The programme has always had a slightly scary ability to crop up in an area in which a major news story is happening and so the Radio Four listener tonight might infer that the programme was coming from Liverpool simply because of the tragedy that has been unfolding of the past couple of days. But I booked my ticket a week ago and it was advertised as coming from here in the Radio Times. It was simply one of those odd, scary, bizarre co-incidences.

I decided to wait until today before formulating the inevitable question. I wanted to get on the air so I made a point of trying to write something in the style of the questions that tend to be asked on air. I’m the last person who’d want to talk about what happened in Croxteth, so stuck to what I know and cribbing from the front page of today’s The Guardian wrote on the suggestion card: “Does the panel agree with Newsnight presenter Jeremy Paxman’s sentiment that the television industry is suffering from a ‘catastrophic loss of nerves?” Imagining a wry smile from Paxo when he heard it back tomorrow.

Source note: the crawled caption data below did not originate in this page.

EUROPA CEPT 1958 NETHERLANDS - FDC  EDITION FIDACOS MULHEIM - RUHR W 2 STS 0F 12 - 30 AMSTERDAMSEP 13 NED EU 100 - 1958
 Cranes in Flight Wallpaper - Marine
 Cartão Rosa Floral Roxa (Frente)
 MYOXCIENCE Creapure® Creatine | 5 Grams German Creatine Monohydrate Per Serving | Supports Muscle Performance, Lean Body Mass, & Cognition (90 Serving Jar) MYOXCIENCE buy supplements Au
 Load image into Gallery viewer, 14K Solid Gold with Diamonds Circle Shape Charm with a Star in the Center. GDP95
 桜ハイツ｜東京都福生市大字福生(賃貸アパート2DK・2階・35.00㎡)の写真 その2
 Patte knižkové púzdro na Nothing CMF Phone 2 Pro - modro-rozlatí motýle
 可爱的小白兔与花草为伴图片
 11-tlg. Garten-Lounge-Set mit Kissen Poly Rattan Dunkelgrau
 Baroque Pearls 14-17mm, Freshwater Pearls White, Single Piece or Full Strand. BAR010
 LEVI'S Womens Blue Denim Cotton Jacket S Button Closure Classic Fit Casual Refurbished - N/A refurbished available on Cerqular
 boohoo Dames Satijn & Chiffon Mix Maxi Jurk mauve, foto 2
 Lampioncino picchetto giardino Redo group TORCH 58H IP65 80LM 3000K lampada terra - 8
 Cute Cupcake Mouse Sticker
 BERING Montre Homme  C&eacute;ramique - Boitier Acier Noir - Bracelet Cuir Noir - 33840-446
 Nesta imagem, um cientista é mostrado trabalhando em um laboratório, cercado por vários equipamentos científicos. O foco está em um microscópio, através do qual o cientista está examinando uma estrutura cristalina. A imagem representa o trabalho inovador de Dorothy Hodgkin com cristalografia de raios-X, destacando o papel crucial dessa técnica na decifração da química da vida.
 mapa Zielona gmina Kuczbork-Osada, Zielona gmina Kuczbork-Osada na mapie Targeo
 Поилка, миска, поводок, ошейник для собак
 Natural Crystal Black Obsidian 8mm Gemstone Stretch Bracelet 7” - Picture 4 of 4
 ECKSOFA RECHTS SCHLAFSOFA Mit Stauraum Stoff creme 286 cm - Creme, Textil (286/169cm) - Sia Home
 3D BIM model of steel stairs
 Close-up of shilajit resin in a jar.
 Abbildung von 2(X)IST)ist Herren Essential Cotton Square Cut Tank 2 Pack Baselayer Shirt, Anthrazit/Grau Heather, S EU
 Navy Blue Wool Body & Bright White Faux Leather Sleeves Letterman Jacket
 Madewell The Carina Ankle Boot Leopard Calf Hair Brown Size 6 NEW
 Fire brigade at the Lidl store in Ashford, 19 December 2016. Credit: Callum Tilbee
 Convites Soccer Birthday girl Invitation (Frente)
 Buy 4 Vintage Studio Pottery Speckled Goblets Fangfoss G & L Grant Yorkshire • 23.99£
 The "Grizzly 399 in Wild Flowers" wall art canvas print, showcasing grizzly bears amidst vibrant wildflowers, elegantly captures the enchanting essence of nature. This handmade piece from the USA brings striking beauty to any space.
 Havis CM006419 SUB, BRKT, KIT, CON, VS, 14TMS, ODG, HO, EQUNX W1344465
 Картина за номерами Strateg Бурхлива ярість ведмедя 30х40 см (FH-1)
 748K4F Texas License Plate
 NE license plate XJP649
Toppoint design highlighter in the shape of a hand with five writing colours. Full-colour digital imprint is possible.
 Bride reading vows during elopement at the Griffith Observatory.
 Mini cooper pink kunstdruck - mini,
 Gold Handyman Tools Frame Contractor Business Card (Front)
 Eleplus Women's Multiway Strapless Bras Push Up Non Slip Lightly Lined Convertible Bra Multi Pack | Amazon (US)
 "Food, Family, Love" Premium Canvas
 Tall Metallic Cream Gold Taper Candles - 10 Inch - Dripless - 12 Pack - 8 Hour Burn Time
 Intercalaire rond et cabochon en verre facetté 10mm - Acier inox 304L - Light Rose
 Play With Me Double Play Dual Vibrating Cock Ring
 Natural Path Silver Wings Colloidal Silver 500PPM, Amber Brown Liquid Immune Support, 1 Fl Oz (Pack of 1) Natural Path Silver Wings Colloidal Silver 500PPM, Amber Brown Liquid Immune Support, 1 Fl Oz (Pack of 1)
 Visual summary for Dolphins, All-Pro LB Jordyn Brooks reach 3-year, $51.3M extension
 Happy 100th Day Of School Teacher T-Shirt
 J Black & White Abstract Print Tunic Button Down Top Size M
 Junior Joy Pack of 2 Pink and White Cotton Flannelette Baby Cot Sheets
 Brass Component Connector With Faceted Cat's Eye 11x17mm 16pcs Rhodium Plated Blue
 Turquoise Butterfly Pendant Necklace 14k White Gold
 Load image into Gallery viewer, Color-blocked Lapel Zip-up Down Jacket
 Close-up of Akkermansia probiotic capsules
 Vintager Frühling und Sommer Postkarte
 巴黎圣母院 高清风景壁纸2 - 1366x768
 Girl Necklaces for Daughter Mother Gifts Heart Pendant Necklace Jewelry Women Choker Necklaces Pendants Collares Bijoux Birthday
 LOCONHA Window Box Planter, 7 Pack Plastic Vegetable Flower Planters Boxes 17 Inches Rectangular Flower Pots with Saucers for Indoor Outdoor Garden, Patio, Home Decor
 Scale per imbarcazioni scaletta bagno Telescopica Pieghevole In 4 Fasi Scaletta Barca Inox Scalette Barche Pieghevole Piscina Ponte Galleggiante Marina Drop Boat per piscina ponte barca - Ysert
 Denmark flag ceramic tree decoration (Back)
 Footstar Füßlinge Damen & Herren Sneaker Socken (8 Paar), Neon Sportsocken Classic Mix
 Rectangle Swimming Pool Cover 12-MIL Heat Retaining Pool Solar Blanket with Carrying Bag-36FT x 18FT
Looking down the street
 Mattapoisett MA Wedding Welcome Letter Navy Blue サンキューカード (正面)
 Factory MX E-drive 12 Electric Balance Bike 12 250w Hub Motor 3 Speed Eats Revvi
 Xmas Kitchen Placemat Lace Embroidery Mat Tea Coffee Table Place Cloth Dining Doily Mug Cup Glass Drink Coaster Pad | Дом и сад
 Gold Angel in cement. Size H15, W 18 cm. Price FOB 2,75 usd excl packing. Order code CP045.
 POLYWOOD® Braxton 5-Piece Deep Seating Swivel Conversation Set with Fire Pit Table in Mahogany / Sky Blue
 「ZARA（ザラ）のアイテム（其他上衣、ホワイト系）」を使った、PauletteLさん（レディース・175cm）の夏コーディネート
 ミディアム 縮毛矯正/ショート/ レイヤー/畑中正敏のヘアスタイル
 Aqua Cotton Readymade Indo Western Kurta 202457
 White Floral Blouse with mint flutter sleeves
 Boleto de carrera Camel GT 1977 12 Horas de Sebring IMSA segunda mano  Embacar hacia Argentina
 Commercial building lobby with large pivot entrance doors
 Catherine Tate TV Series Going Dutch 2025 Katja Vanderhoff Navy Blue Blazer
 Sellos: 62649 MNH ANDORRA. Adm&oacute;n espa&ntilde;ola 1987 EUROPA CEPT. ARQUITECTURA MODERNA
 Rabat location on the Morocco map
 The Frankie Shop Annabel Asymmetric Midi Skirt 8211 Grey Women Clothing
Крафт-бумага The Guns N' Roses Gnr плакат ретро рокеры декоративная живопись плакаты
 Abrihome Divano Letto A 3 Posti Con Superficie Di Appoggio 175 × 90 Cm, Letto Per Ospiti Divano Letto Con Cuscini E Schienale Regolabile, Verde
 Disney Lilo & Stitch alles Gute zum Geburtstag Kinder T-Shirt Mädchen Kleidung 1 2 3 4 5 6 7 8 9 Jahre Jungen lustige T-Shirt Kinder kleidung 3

I arrived very early as usual and was ushered into the bar. A wooden box on a table with a bright Radio 4 logo on it was in place to take question cards. People were approached to put their questions to this oracle, slotting them in with some reverence. Apart from a woman who turned up with her question printed out five times because I think she thought it meant it would stand more of a chance of being used as though this was some kind of vote. There seemed to be a move for people to ask more than one question so I also dropped in something about the media holding up a mirror to society and about the climate protestors, but I didn’t really think either were good enough.

The Everyman is a surprising venue for the kind of programme. I always imagine Any Questions? happening in the same kinds of venues as its tv cousin Question Time, all grand halls and universities and whatnot. That must have given this a more intimate atmosphere than most programmes in the series -- and now and then the panellists seemed quite surprised to be able to see out disapproval or not up close as we eyeballed them or not. For those who don’t know, this is a theatre in the round and the panellists would be sat on table in the centre back of the ‘stage’ or more descriptively floor, at table covered in Radio 4 blue table closes with logos all about the place.

I was the first in the room and deposited myself on the second row -- behind the seats reserved for questioners. I was followed initially by what many Radio 4 comedy shows joke as being a typical Radio 4 discussion show type of audience, mostly pensioners and retirees who look like they’re on a coach trip. I felt a bit isolated as they gathered in the seats about me but as time went on the demographic balanced out and almost as though the BBC had selected them, I think there where people from every walk of society in there. I’d like to say there was a nervous energy in the room, some pent up anger perhaps because of what had been happening in the city, but there really wasn’t at least not in my section.

The man who sat next to me even turned and said:
‘Can you see the flashback?’
I looked about and wondered if suddenly that my own reality was indeed a facade and that any minute there would cross mix to me being born or my first kiss. It didn’t happen, so I counter asked:
‘What do you mean?’
‘The light’s reflecting.’ A spotlight was reflecting off of one of the name badges on the panellist’s table. ‘Put your head where I’m sitting.’
Not really seeing how I could do that since he was already there I grinned and said instead:
‘Don’t worry. This is radio. You won’t be able to see it.’
He nodded, taking that as a perfectly decent explanation (?) and began talking to his wife.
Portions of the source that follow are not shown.